AI extraction built around how CMS content actually works

Pith isn't a generic PDF reader. It's an extraction pipeline designed to produce CMS-native structured content.

Features

Extraction templates

Tell the AI exactly what to find

Define a template with field names, types, and plain-English instructions for the AI. Text, numbers, dates, booleans, arrays — Pith maps each field to your CMS schema before a single page is processed.

Templates are reusable across documents. Set it up once for administrative orders and run every new filing through the same template automatically.

Start building templates

Confidence scoring

Know what the AI is uncertain about — before it ships

Every extracted field comes with a confidence score from 0 to 100. High-confidence fields can auto-approve. Low-confidence fields get flagged for human review.

Color-coded indicators make the review interface fast. Editors only touch what actually needs attention.

CMS connectors

Content arrives as native CMS data — not HTML

When Pith pushes to Sanity, body content becomes proper Portable Text blocks. Images become references. Related documents resolve to typed references in your schema.

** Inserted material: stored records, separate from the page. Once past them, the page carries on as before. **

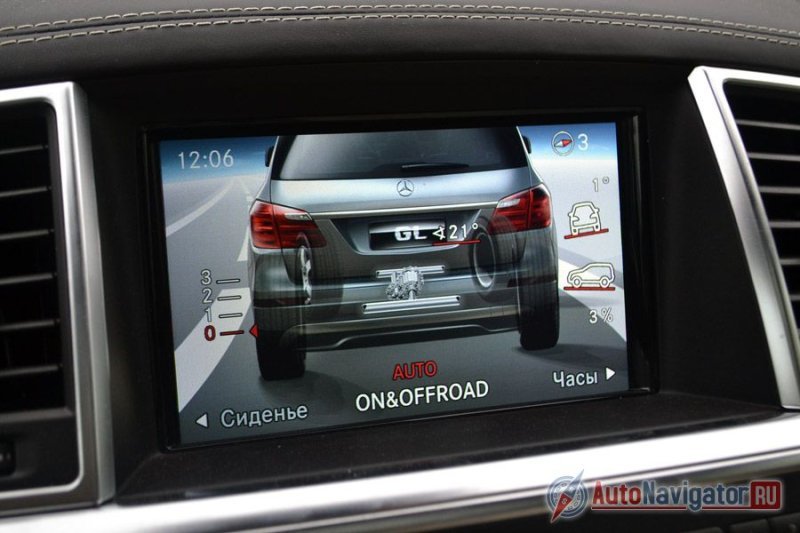 В режиме ON&OFFROAD можно смотреть «мультик», где отображается работа подвески, системы полного привода, дорожный просвет и углы наклона автомобиля в разных направлениях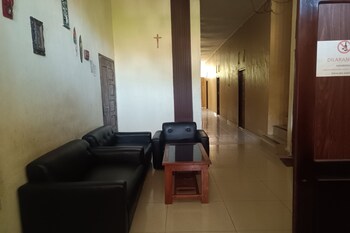 oyo 93664 homestay purirano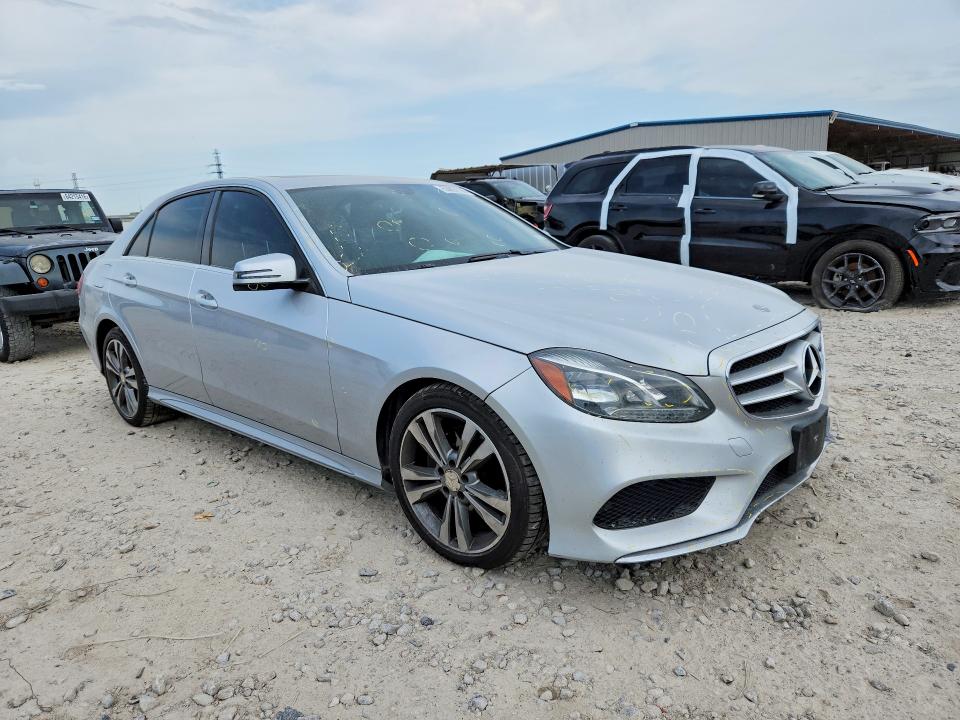 Photo 4 from auction – 2016 MERCEDES-BENZ E with VIN WDDHF5KBXGB241629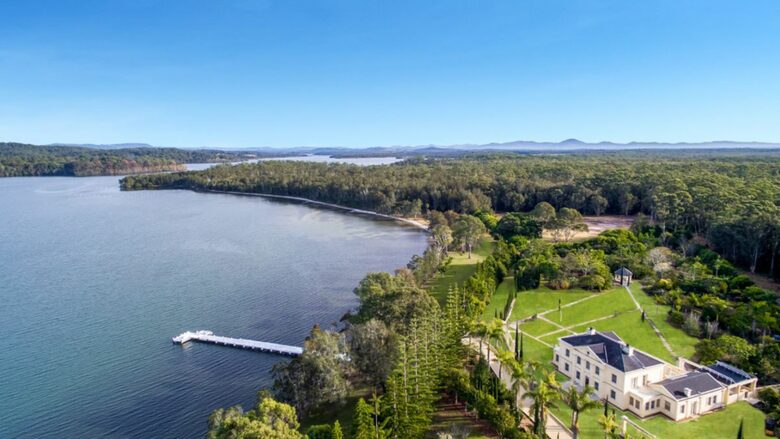 The Chateau on Wallis Island (R) - Wallis Lake, Australia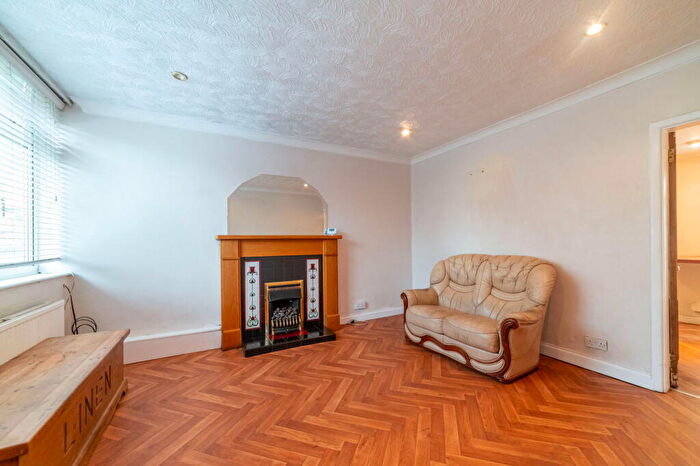 2 Bedroom Semi-Detached House For Sale In Deganwy Grove, South Reddish, Stockport, SK5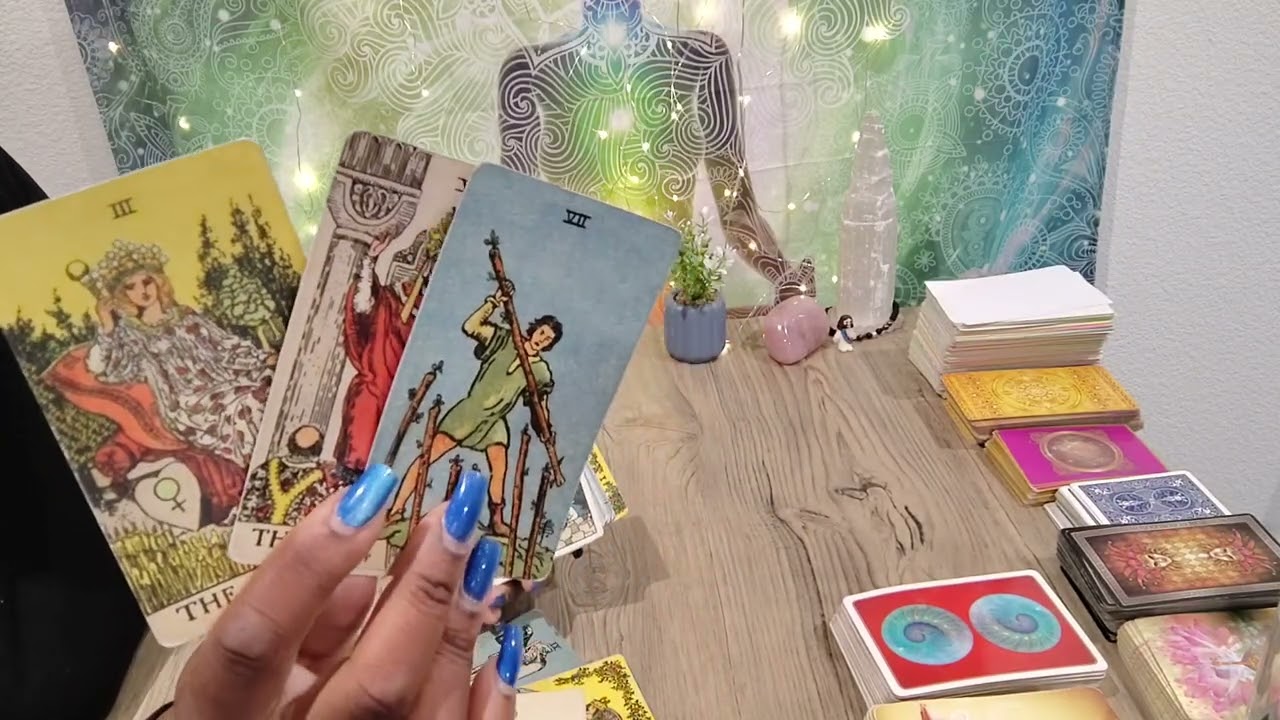 Близнецы ♊ Кто-то из ваших близких скрывает от вас секрет, о котором не хочет, чтобы вы знали 🤯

No post-processing, no copy-paste, no HTML cleanup. Your CMS gets the structured data it was designed to hold.

Reference resolution

Cross-document relationships — handled automatically

Pith detects when a document references another document in your CMS and resolves it to a proper typed reference. Internal links, related content, parent-child relationships — all wired up at push time.

Batch processing

Hundreds of documents. Same pipeline.

Upload a folder of PDFs and let Pith work through them. Real-time progress tracking shows page counts, extraction status, and review queue depth as each document finishes.

Batch review lets you approve low-variance documents in bulk and focus manual time on exceptions.

Slug generation

Clean URLs configured for your CMS

Define slug rules with prefix support, multi-field composition, and custom separators. Pith generates clean, consistent URLs at push time — no manual slug entry, no duplicates.

More under the hood

PDF & Word support

Upload PDFs and .docx files. More formats on the roadmap.

Source citations

See which part of the source document each extracted value came from.

Inline editing

Edit any field in the review interface before approving.

Re-extract

Update your template and re-run extraction on any document without re-uploading.

Team review

Multiple reviewers can work through the queue simultaneously.

Usage tracking

See pages used this month, your limit, and a breakdown by project.